Revenant sur leurs pas, les hommes s’attelèrent à l’amarre qui avait servi à remorquer le petit navire ; moitié soulevé par la marée, moitié traîné sur les galets avec un bruit de ferraille, le sous-marin eut bientôt franchi la grève découverte pour venir boucher l’entrée de la grotte et se trouver définitivement à l’abri des insultes de l’Océan.

« Voilà bien le corridor, fit Gérard en désignant une sorte de boyau étroit et sinueux qui s’enfonçait sous la voûte de granit.

— Sois prudent ! c’est peut-être le repaire de quelque animal dangereux ! s’écria Henri en le retenant.

— Bah !… il faut voir !… Et puis je vais m’armer d’un revolver, avec la permission du commandant, et si je rencontre quelque individu mal intentionné, à quatre ou à deux pattes, je le lui fais partir sous le nez !… Nous verrons ce qu’il pensera de l’argument !

— N’oubliez pas des allumettes, dit le commandant en lui passant un revolver chargé, il ne doit pas faire très clair là dedans. »

S’assurant qu’il en avait sur lui, Gérard prit le revolver et s’enfonça dans l’étroit couloir. C’était une galerie naturelle dont le sol rocailleux montait en pente douce, et dans laquelle le jeune homme avançait sans trop de difficultés, en tâtonnant autour de lui ; les parois en étaient si étroites qu’il les heurta plusieurs fois assez rudement du front ; mais, tout à coup, il sentit l’espace s’élargir autour de lui. Faisant prendre une allumette, il entrevit une caverne de dimensions colossales, dont la voûte majestueuse se perdait dans l’ombre à une grande hauteur. L’air était tiède, parfaitement respirable, grâce peut-être à quelque fissure ou cheminée dans le roc. Gérard ne put retenir une exclamation de joie :

« Bravo !… voici l’abri rêvé pour nos précieuses personnes et nos provisions plus précieuses encore !… La mer ne viendra certainement pas nous relancer jusqu’ici, et que nous soyons destinés à repartir sur le Silure, après l’avoir réparé, ou à être repêchés par quelque navire de passage, nous voici prêts à attendre les événements… Ma foi, c’est un home des plus sortables, reprit-il en faisant brûler une seconde allumette. Assurément ce n’est pas le Louvre !… mais à la guerre comme à la guerre… Et, s’il faut vivre en troglodytes, réjouissons-nous d’être tombés sur une tanière de dimensions pareilles ! Un régiment y serait à l’aise ! »

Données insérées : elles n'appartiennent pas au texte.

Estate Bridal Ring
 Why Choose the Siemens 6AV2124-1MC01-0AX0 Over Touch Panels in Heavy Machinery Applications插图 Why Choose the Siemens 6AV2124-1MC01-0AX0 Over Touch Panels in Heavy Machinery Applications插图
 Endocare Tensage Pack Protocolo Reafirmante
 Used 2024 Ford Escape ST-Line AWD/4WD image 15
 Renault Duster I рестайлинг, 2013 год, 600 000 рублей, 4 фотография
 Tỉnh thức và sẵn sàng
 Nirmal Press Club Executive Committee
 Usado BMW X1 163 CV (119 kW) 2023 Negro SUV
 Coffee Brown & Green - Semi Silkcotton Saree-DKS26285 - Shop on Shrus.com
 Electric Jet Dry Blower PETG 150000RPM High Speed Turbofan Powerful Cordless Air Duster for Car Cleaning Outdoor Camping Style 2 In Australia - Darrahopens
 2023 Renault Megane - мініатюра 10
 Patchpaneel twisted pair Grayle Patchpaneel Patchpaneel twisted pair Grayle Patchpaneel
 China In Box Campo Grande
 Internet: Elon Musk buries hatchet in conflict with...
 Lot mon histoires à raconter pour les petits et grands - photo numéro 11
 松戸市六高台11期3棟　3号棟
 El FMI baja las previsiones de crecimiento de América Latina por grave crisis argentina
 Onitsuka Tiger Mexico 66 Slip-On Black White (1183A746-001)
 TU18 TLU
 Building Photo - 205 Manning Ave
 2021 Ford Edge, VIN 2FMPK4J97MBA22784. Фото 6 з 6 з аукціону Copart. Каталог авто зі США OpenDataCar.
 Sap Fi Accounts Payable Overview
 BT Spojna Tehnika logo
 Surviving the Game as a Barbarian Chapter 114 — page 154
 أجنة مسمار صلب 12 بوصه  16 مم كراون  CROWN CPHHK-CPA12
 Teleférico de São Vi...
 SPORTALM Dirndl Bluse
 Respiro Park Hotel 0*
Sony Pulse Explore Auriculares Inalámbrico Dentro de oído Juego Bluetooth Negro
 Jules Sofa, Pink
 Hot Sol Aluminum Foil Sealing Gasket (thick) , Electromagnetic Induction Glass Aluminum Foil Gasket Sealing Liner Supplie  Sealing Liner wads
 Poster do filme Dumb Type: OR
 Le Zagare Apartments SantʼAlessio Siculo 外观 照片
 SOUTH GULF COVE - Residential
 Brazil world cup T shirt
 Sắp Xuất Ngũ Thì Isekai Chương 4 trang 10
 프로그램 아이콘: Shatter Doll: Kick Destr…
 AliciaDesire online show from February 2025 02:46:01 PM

Reprenant le couloir, Gérard se hâta de venir communiquer le résultat de son enquête à ses compagnons.

Laissant l’équipage surveiller le progrès de la marée montante et s’occuper des apprêts d’un repas dont le besoin s’imposait pour tous, les officiers du Silure, M. Wéber et Henri suivirent Gérard dans la caverne, dont les dimensions et la température furent vivement appréciées. Gérard avait allumé une lanterne et il étudiait de près les murs scintillant de mica, afin de s’assurer qu’ils ne recelaient dans leurs anfractuosités aucun commensal désagréable ; tout à coup il se récria :

« L’île est habitée !… et par des artistes, par-dessus le marché !… »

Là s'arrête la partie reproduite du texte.